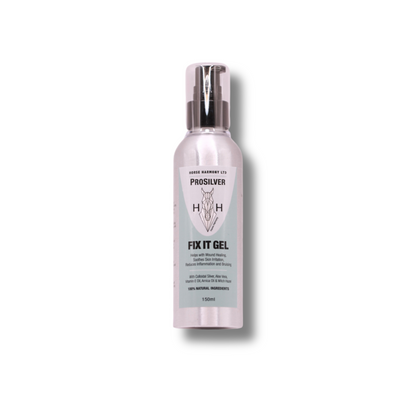 Bottle of Fix It Gel, colloidal silver based product designed for horses with minor injuries and skin condition 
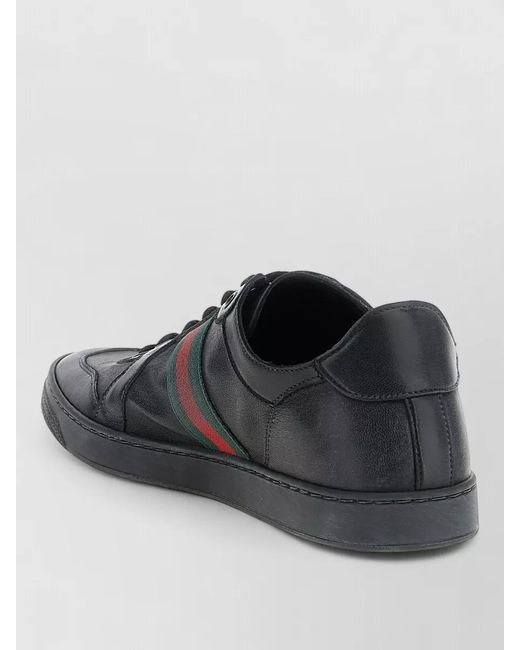 Gucci Black Stretch Leather Lace Up Sneakers for men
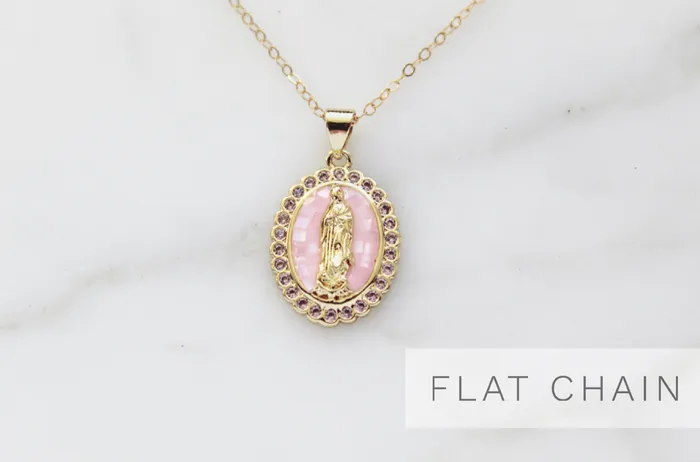 Our Lady of Guadalupe Necklace in Pink TheLittleCatholic Necklaces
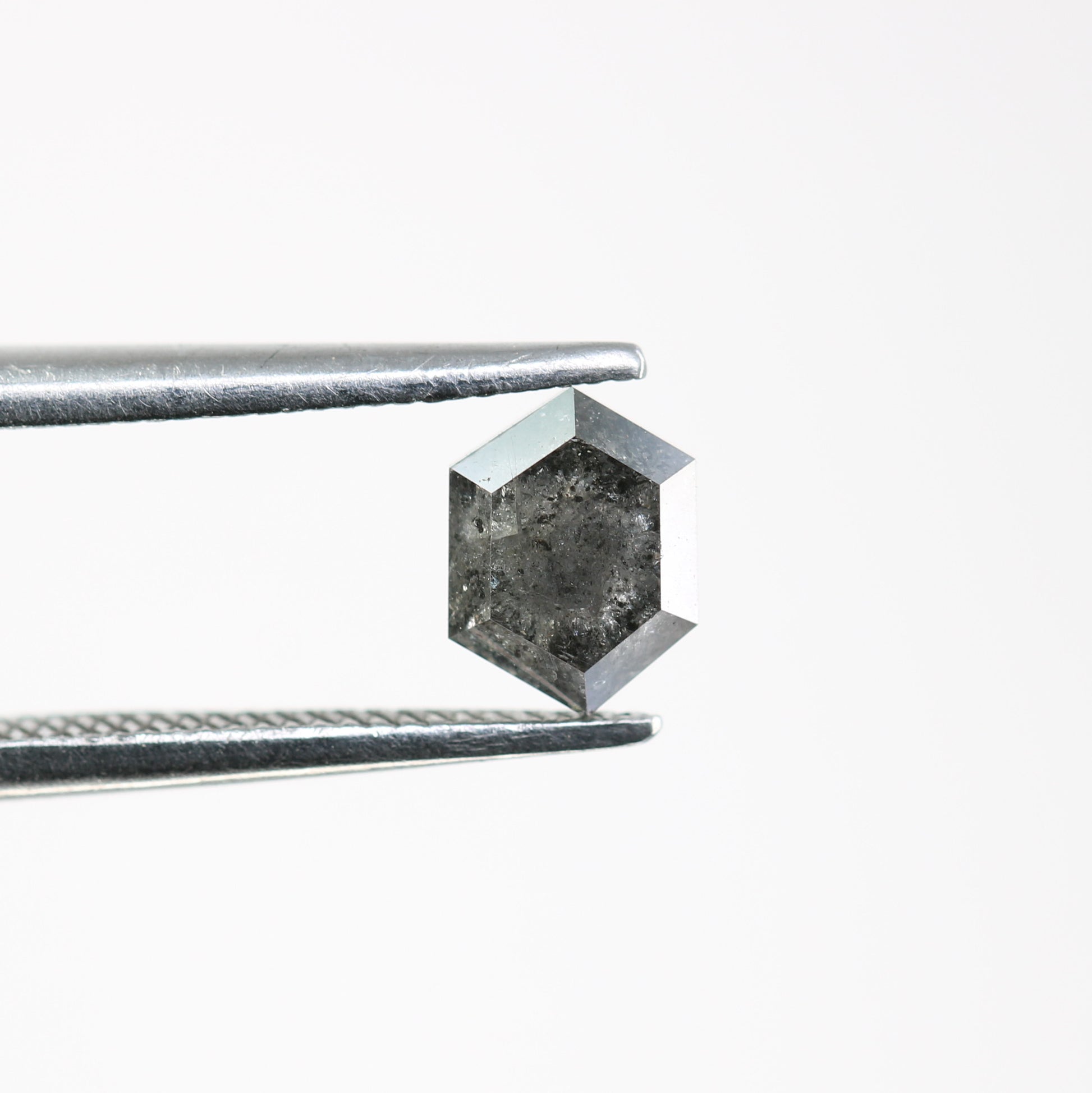 0.78 Carat Elongated Hexagon Shaped Loose Salt And Pepper Diamond Ring - JayKrishna Diamond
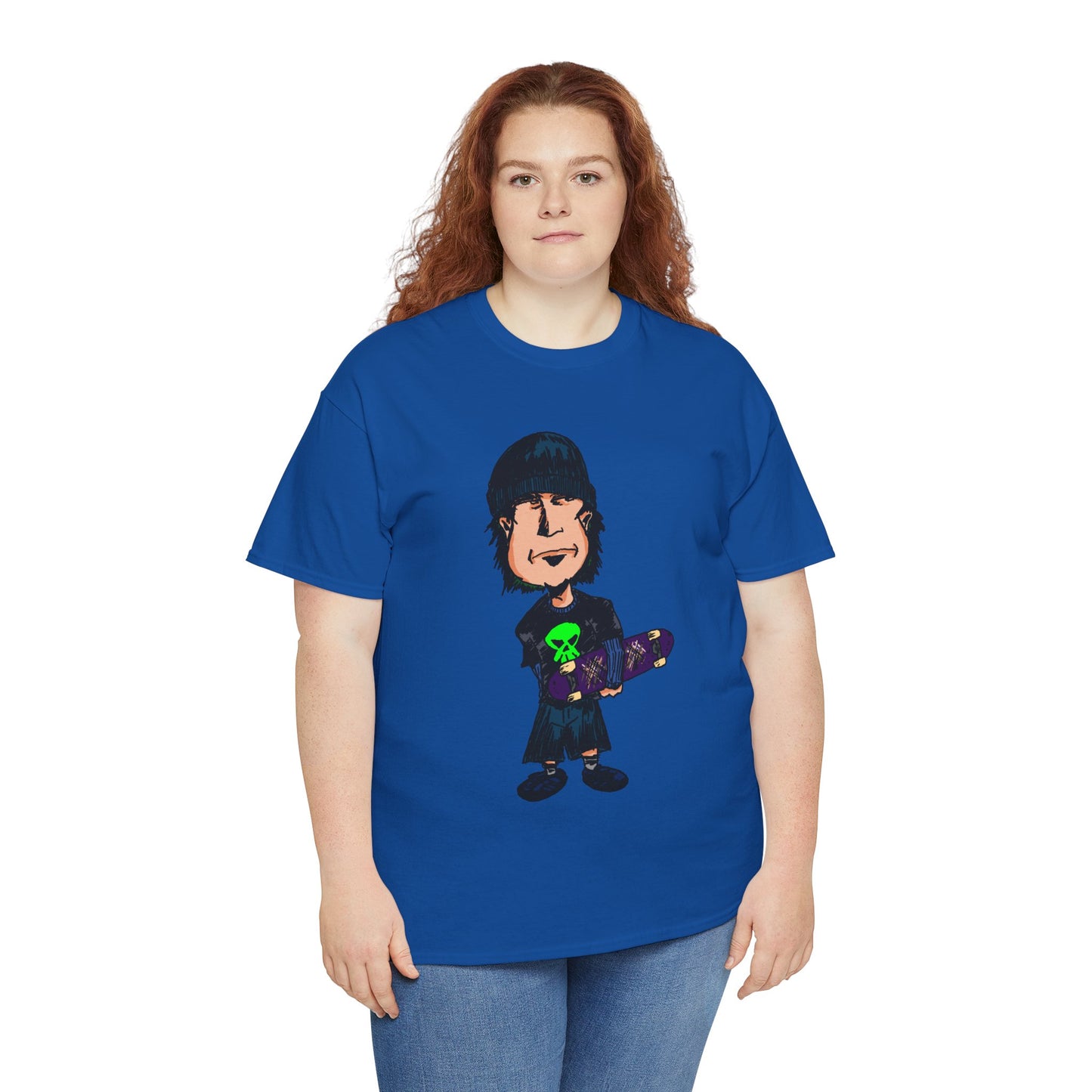 Rude Skater Dude - Skate Punk Cartoon Tee – Boy with Skateboard Graphic Shirt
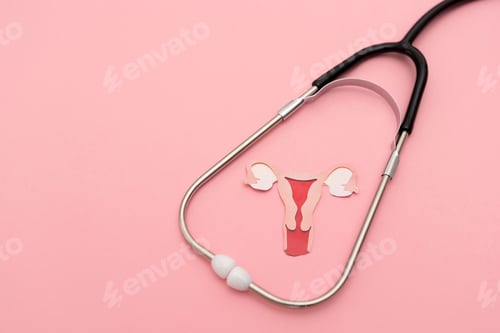 Preview: Stethoscope with Uterus Illustration on Pink Background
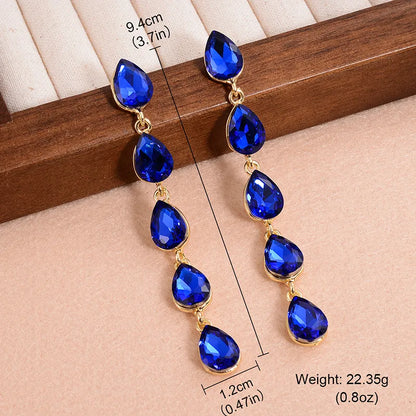 1 Pair Sweet Water Droplets Plating Inlay Alloy Crystal Gold Plated Drop Earrings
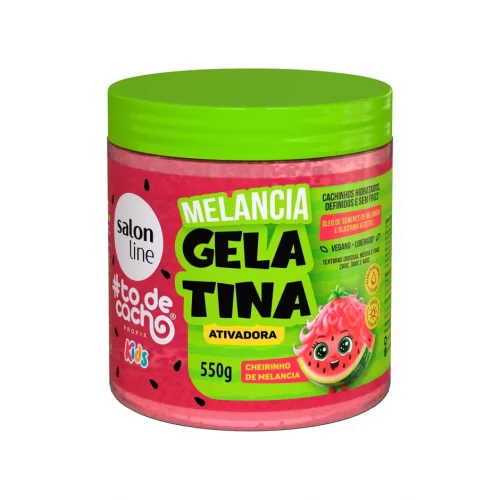 Salon Line, Gelatina Ativadora, #TodeCacho Kids, Melancia, Vegano - Para Cabelos Ondulados, Cacheados e Crespos, 550g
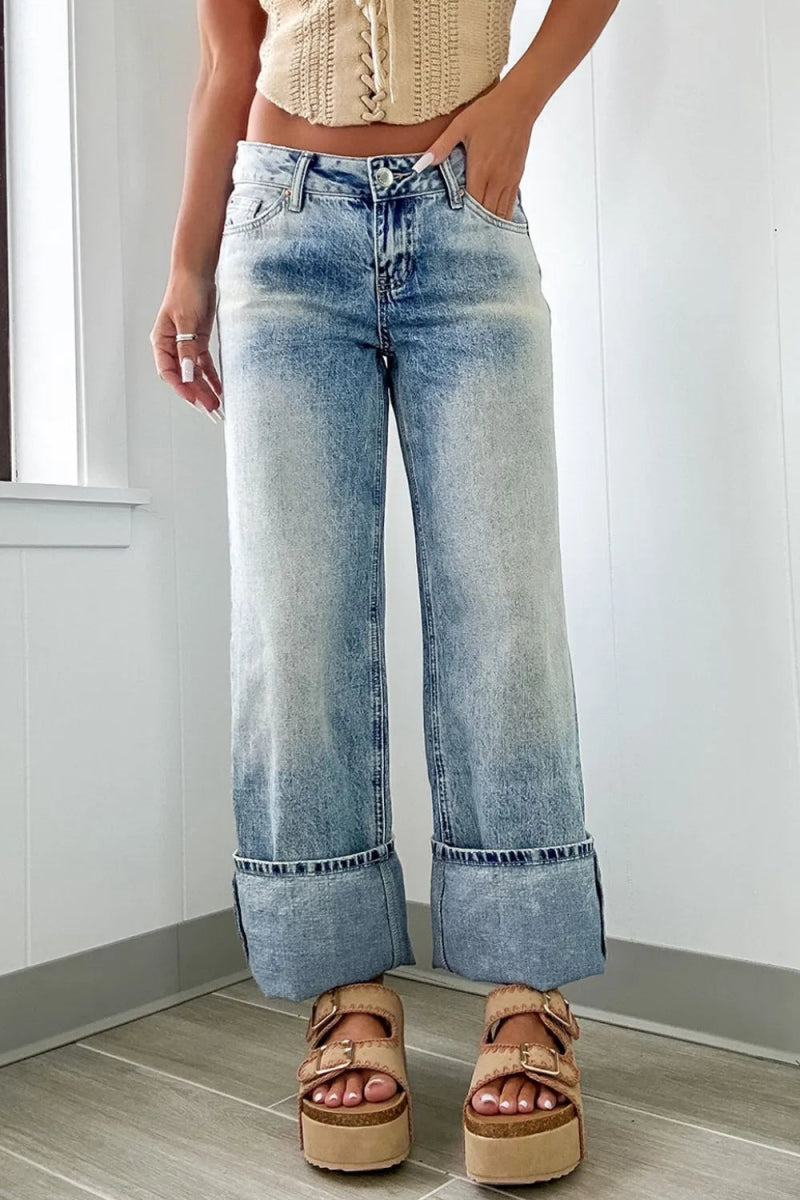 Washed Wide Leg Jeans with Pockets - CELIVINE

:::

• _TO DO_
Only the pictures are to be dropped; return everything else in the listing exactly.

• _SOLUTION TO THE PROBLEM_
 Bottle of Fix It Gel, colloidal silver based product designed for horses with minor injuries and skin condition 
 Gucci Black Stretch Leather Lace Up Sneakers for men
 Our Lady of Guadalupe Necklace in Pink TheLittleCatholic Necklaces
 0.78 Carat Elongated Hexagon Shaped Loose Salt And Pepper Diamond Ring - JayKrishna Diamond
 Rude Skater Dude - Skate Punk Cartoon Tee – Boy with Skateboard Graphic Shirt
 Preview: Stethoscope with Uterus Illustration on Pink Background
 1 Pair Sweet Water Droplets Plating Inlay Alloy Crystal Gold Plated Drop Earrings
 Salon Line, Gelatina Ativadora, #TodeCacho Kids, Melancia, Vegano - Para Cabelos Ondulados, Cacheados e Crespos, 550g
 Washed Wide Leg Jeans with Pockets - CELIVINE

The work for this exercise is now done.